Alors que les passeurs demandent 2.000 euros ou plus pour aller en voiture à Trieste en Italie et 1.200 euros pour descendre à Split en Croatie, à pied, il faut marcher «environ une semaine», assurent les migrants. Après 80 kilomètres en Croatie, une fois entrés en Slovénie, on se dirige vers l’Italie ou l’Autriche. Mais c’est sans compter sur l’intervention de la police croate, véritable inconnue dans le game – nom donné ici aux tentatives de passage de la frontière.
«J’ai essayé d’entrer quatre fois en Croatie. Quatre fois ils m’ont tabassé et ont cassé mon portable», raconte un tunisien sur la trentaine qui se fait appeler «El Gulass», l’armoire, à cause de sa taille. Entre ses mains, il tient un téléphone dont l’écran est en morceaux, victime – dit-il – d’un coup de matraque. Jasar a le bras dans le plâtre, car il est tombé lorsqu’il tentait «d’échapper aux chiens lâchés par la police croate».
Allégations d’expulsions collectives
Ces témoignages sont loin d’être isolés. Le long de la frontière bosno-croate, tout le monde ou presque se fait l’écho de telles pratiques. Des accusations difficiles à prouver, mais qui ont attiré l’attention du Conseil de l’Europe: début octobre, la commissaire aux Droits de l’Homme, Dunja Mijatović, a invité Zagreb à faire la lumière sur ces allégations.
«La Croatie aurait expulsé collectivement 2.500 migrants depuis le début de 2018 », écrit Mijatović dans cette lettre, «parmi eux, 1.500 personnes ont affirmé n’avoir pas pu soumettre une demande d’asile, tandis que 700 disent avoir été victimes de violences ou de vols de la part des policiers croates». Joint par mail, le ministère de l’Intérieur de Zagreb répond que la police agit «dans le respect de la loi et des traités internationaux» et que «les vérifications effectuées jusque-là n’ont prouvé aucun cas de violence».

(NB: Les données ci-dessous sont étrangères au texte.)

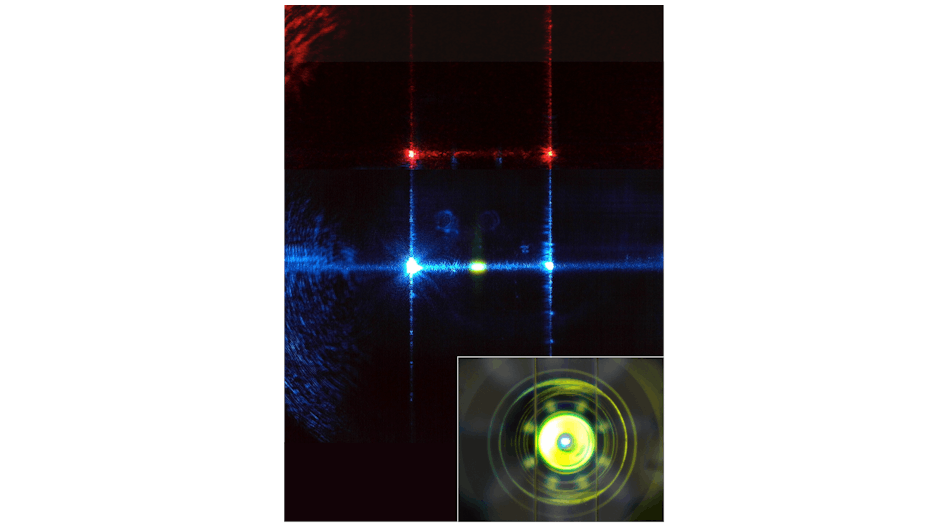 FIGURE 1. This composite microscope image shows a 488 nm laser beam (center) and a 640 nm laser beam (top) focused from the side into a flowcell channel (vertical channel walls visible because of scattered light). A flowing sample of 3 &mu;m fluorescent beads lights up in the 488 nm beam (bright oval in the center). The fluorescence light collection path (inset; concentric circles) is aligned behind the flowcell under LED illumination.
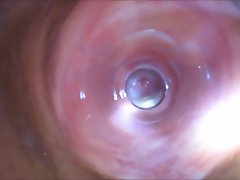 Empirical chum around with annoy well-head of vaginal alcohol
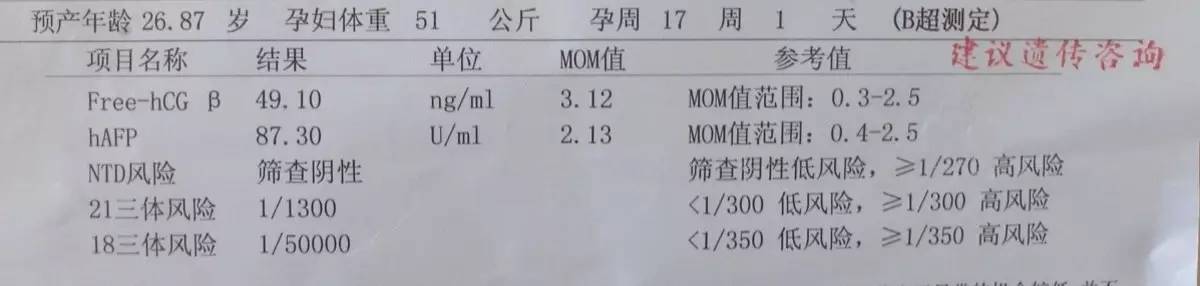 唐氏综合征到底离你的宝宝有多远?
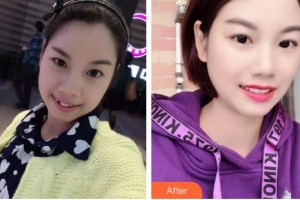 浙江大學(xué)醫(yī)學(xué)院附屬口腔醫(yī)院傅柏平整形價(jià)格表附金屬托槽矯正案例展示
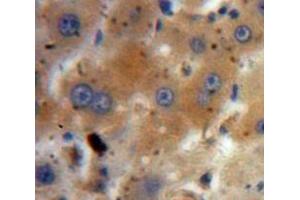 Used in DAB staining on fromalin fixed paraffin-embedded Liver tissue (IGF2 抗体  (AA 25-91))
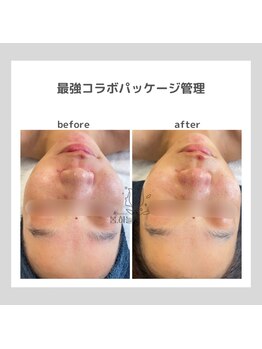 ポムハヌル(pom.haneul)/韓国肌管理室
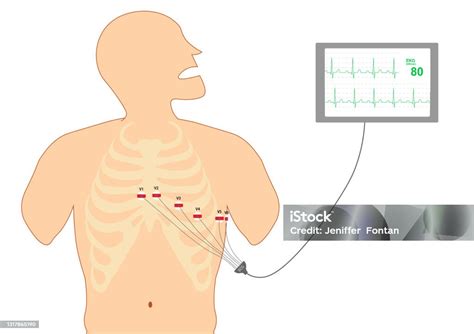 Ecg 12lead Precordial Lead Placement Electrocardiography Monitoring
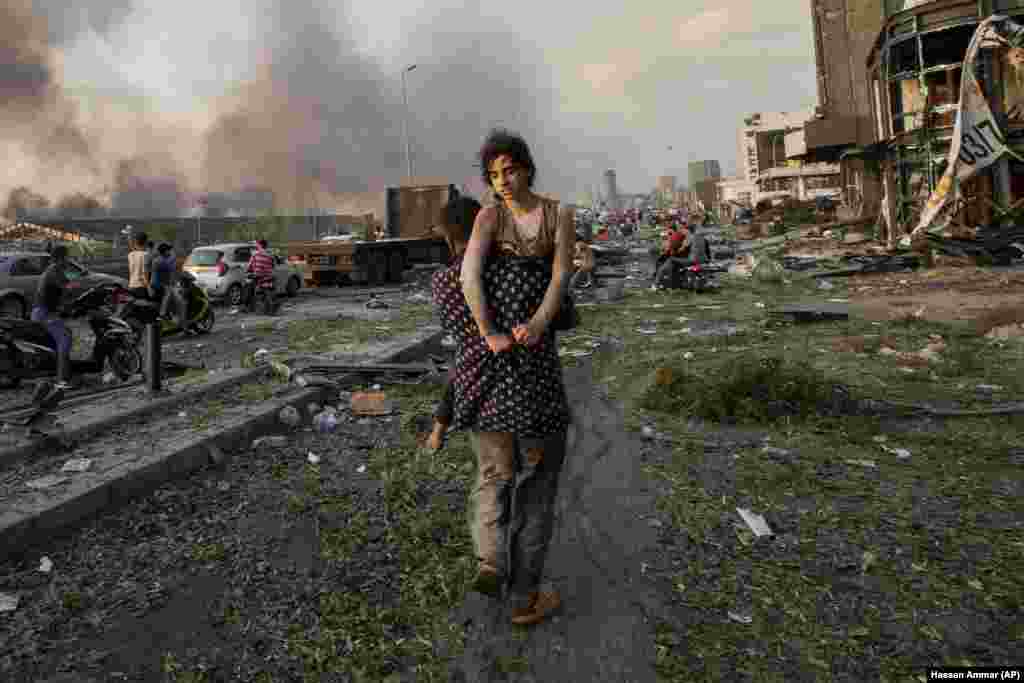 Жыхар Бэйруту ратуе сваю 11-гадовую пляменніцу Ходу неўзабаве пасьля моцнага выбуху ў порце 4 жніўня 2020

Ces retours forcés sans possibilité de déposer une demande d’asile – appelés «push-backs» – sont prohibés par différents textes de droit européen et international. Ils ne sont pourtant pas que l’apanage de la Croatie.
En début novembre, le quotidien italien La Stampa a dévoilé des cas similaires à la frontière italo-slovène, où les forces de l’ordre italiennes collaboreraient avec les autorités de la Slovénie et de la Croatie pour repousser les migrants vers le sud. «Les policiers slovènes m’ont arrêté et remis aux mains des autorités croates, qui m’ont-elles ramené ici et forcé à retourner en Bosnie», confirme un jeune Bengalais dans le nord-ouest de la Bosnie.
Une opposition grandissante
Dans le parc municipal du centre de Bihać, à 60 kilomètres au sud de Velika Kladuša, un groupe de jeunes pakistanais tue le temps, téléphone ou cigarette à la main, derrière un monument rendant hommage à la lutte des partisans yougoslaves. Alors que la situation s’éternise, certains locaux agacés demandent aux autorités de trouver une solution à la présence des migrants en centre-ville.
«Je n’ai rien contre les réfugiés, mais ces gens ne viennent pas de pays en guerre, ce sont des migrants économiques» affirme Sej Ramić, conseiller municipal à Bihać et professeur d’art et modérateur du groupe facebook „STOP invaziji migranata!! Udruženje gradjana Bihaća” (“STOP à l’invasion des migrants!! Collectif de citoyens de Bihac”). Un argumentaire devenu habituel au sein de l’Union Européenne mais qu’on avait moins l’habitude d’entendre en Bosnie, pays lui même marqué par une forte émigration.
A Velika Kladuša aussi la présence des migrants commence à déranger, notamment depuis que les protestations de quelques centaines d’exilés à la frontière ont fini par bloquer le poste frontière de Maljevac pendant une semaine fin octobre. «Je n’ai rien contre les réfugiés», répète un Bosnien qui assiste en contrebas à l’opération de police qui a rouvert le poste le 30 octobre dernier. «Mais deux-cent personnes ne peuvent pas bloquer toute une ville», ajoute-t-il, indiquant que Velika Kladuša «vit du commerce avec la Croatie».

Face à cette opposition grandissante, les autorités du canton Una-Sana ont entrepris d’arrêter les bus et les trains en provenance de Sarajevo et de renvoyer vers la capitale tous les migrants qui en descendent.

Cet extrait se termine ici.